The ruling in a recent Illinois District Court action—Henry F. and Anne Marie Frigon v. Pacific Indemnity Company—may not be the landmark decision claimed by the Wall Street Journal (“This Insurance Case Could Shake Up the Art Market,” February 7, 2007), but it is certainly interesting and noteworthy for artists, collectors, museum officials, and others concerned with insurance coverage and the “bad acts” of those that they work with and encounter in their art-world activities.

In the subject case, the Frigons consigned various artworks to a gallery for sale. The gallery sold the works for prices below the minimums set forth in the consignment agreements and failed to remit the proceeds to the Frigons. Recognizing their unlikely recovery despite a nearly indisputable claim against the gallery, the Frigons chose to file a claim under their “all-risk” masterpiece insurance policy. Pacific Indemnity (a subsidiary of Chubb) denied the claim, and the Frigons sued.

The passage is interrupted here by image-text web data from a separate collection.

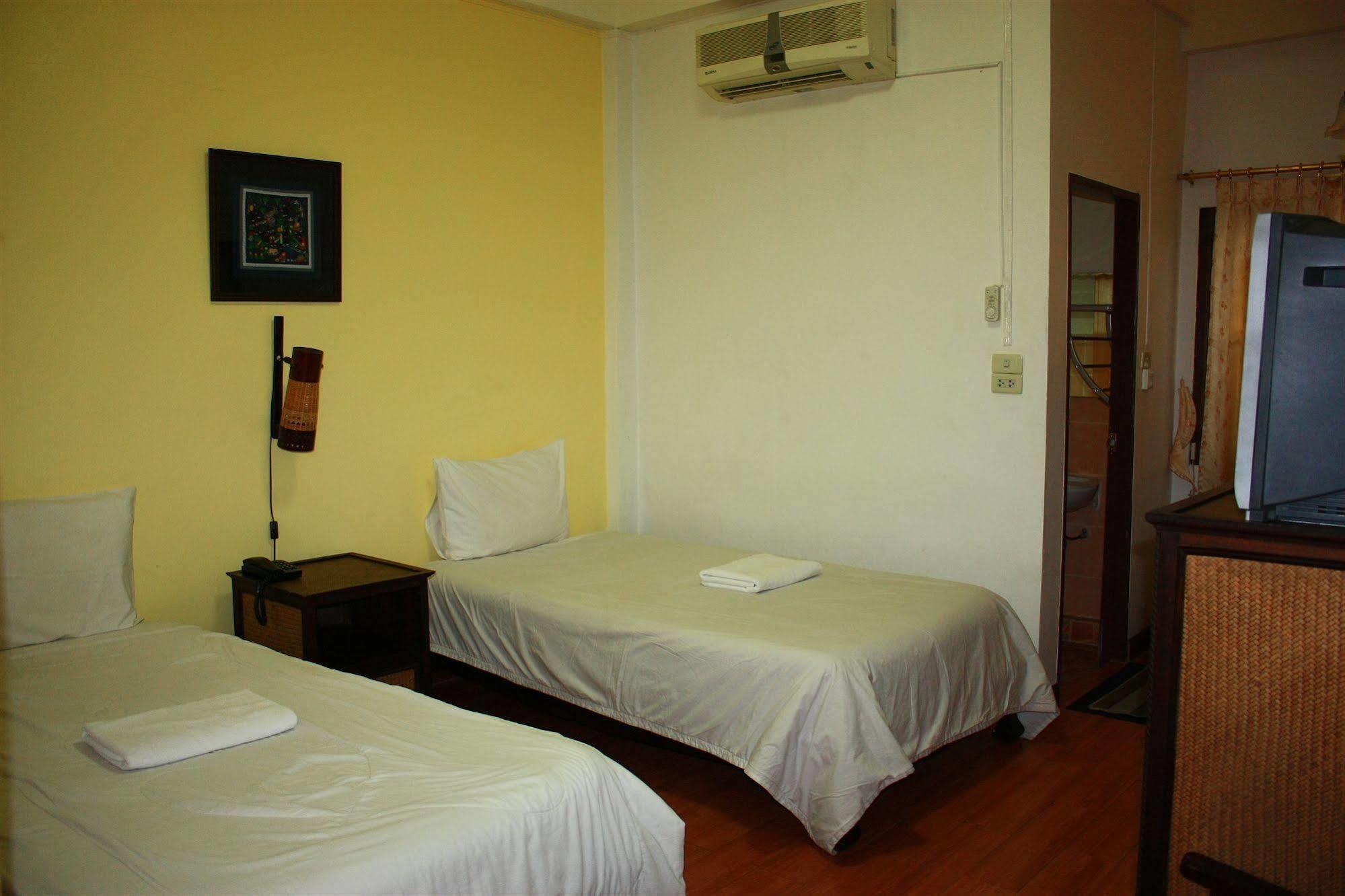 โรงแรมตีฆ้อง - Tri Gong Hotel 치앙마이 외부 사진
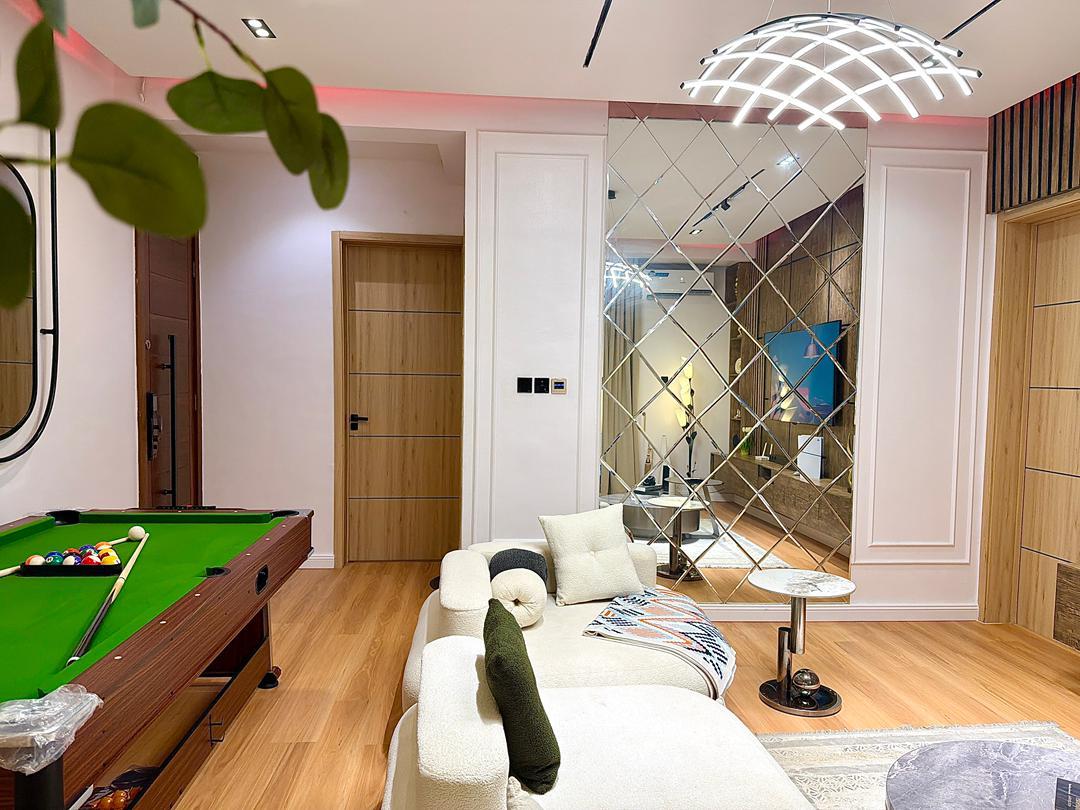 Maruwa:* Newly renovated 2 bedroom apartment with Ps5, Snooker board, Air hockey, Balcony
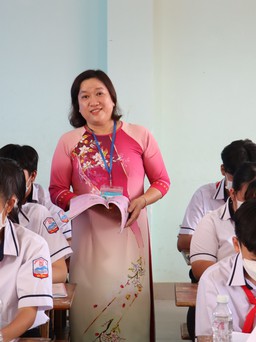'Mẹ Phương' ở Bàu Năng: Người thầy bao dung với lầm lỗi học trò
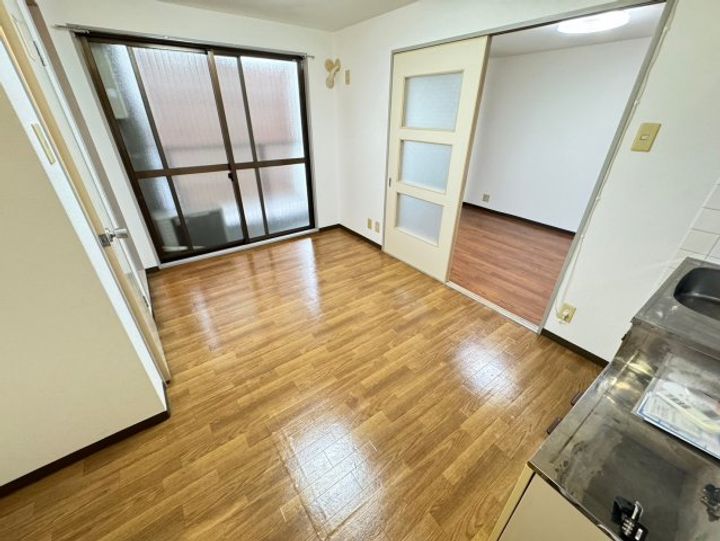 大阪府大阪市西成区玉出西2丁目(マンション)の賃貸物件の居間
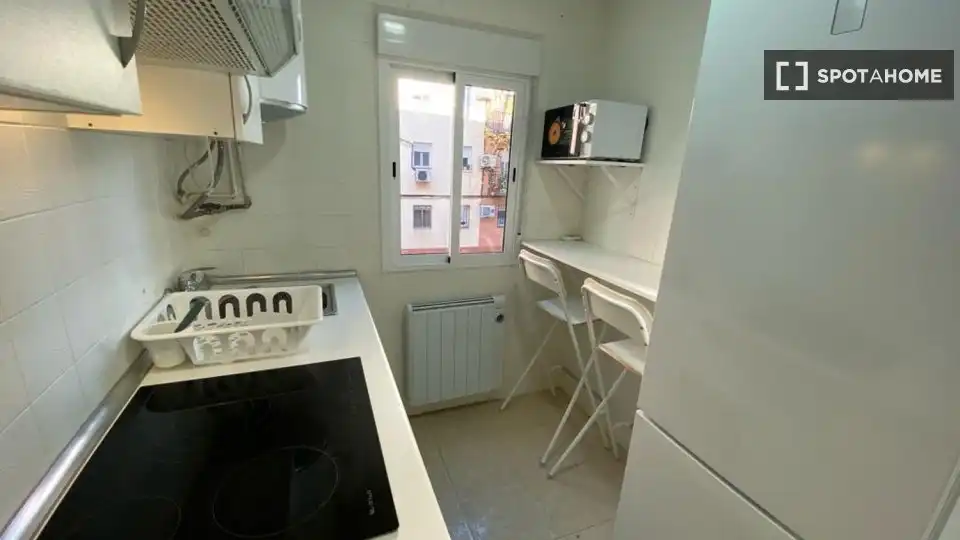 Kitchen of Flat for share in Madrid  with Air Conditioner, Terrace and Furnished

The Court ruled that the Frigons’ loss, caused by the gallery’s sale of the artworks in contravention of the consignment agreements and the failure to remit the sales proceeds, was, in effect, a conversion, or theft, of their property and, as such, a loss covered by their all-risk policy. (Whether the Court would have ruled in the same way had the sales been in compliance with the consignment agreements but the proceeds still not remitted to the owners is an interesting—and important—question. That said, it is not hard to imagine that the Court would still have found that the gallery effected the conversion of the owners’ property.)

The “landmark” nature of this case likely depends on your view of the result—essentially the gallery’s malfeasance was determined to be a risk covered under the owner’s all-risk policy. In fairness, I haven’t tried to determine if there is prior case law in this area, though undoubtedly there is. Thus, whether the Wall Street Journal and some commentators, including Scott Hodes, one of the leading U.S. art lawyers, are correct that this decision could have landmark effects in the art world—including a modification to such all-risk policies—or whether other commentators (notably a few bloggers whose credentials I haven’t evaluated) are right that this decision amounts to nothing new, may not really matter.

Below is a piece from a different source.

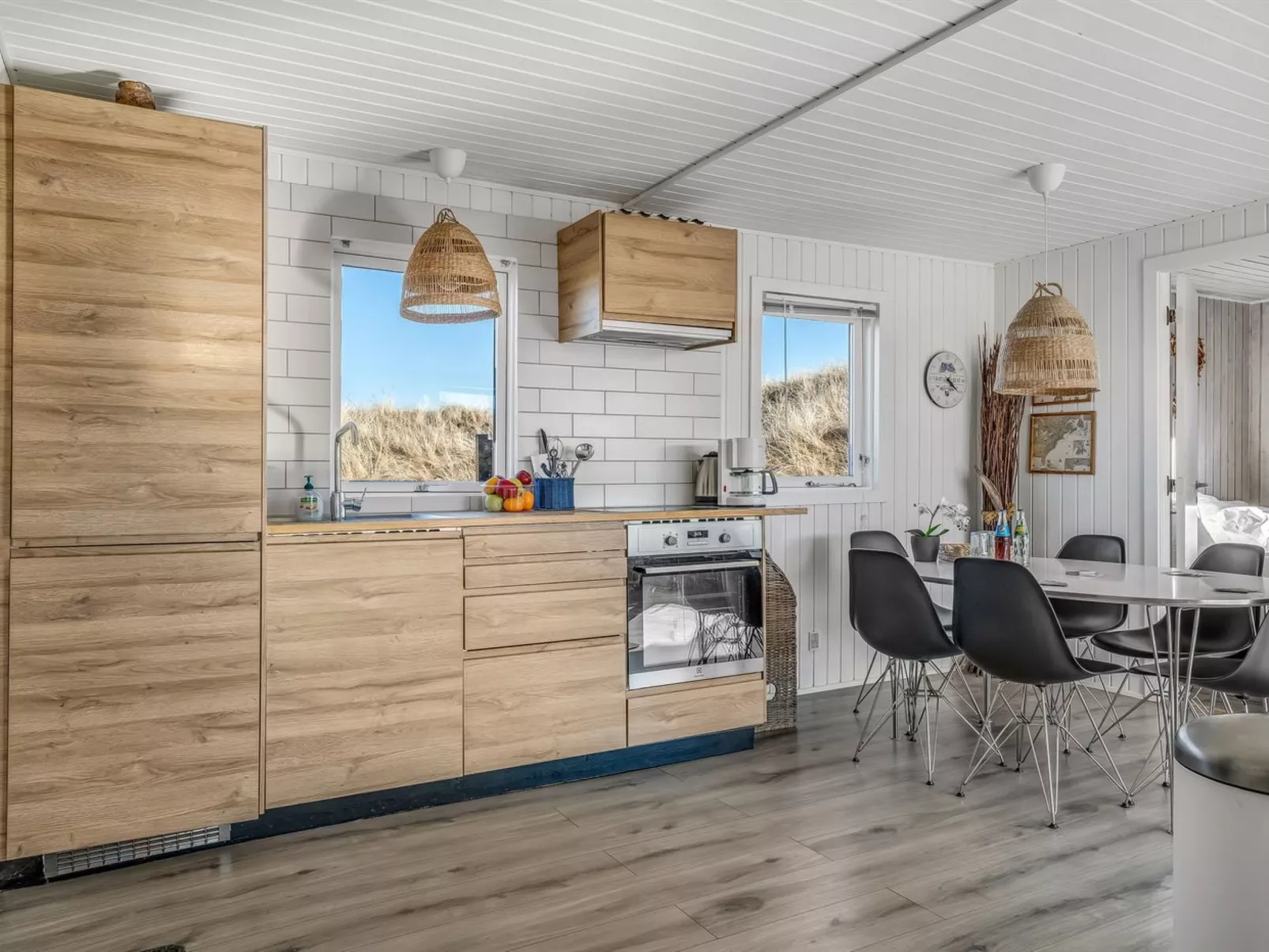 "Alrike" - 200m from the sea-Binnen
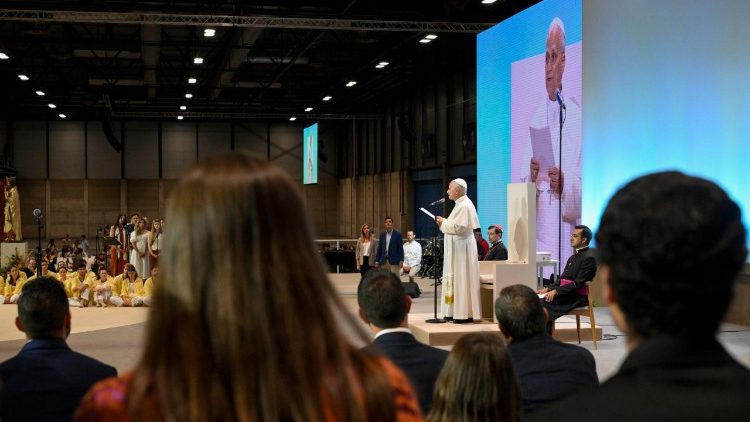 Il Papa mentre pronuncia il suo discorso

Regardless of whether this case is ultimately viewed as having a “landmark” effect, it should remind all of us with a direct interest in the art world and in its daily commercial transactions that we owe each other a “duty of good faith” in connection with those art world transactions. Further, this should be a reminder to check the terms of your insurance policies and remember that they may be there, despite the view of Pacific Indemnity, to protect you against all forms of loss, even where you might not have expected such coverage to exist.

So, if you take nothing else away from the Frigon case, be sure you have a so-called “all-risk” policy with as few exclusions as possible and keep that policy in mind should you suffer a loss from an unexpected cause.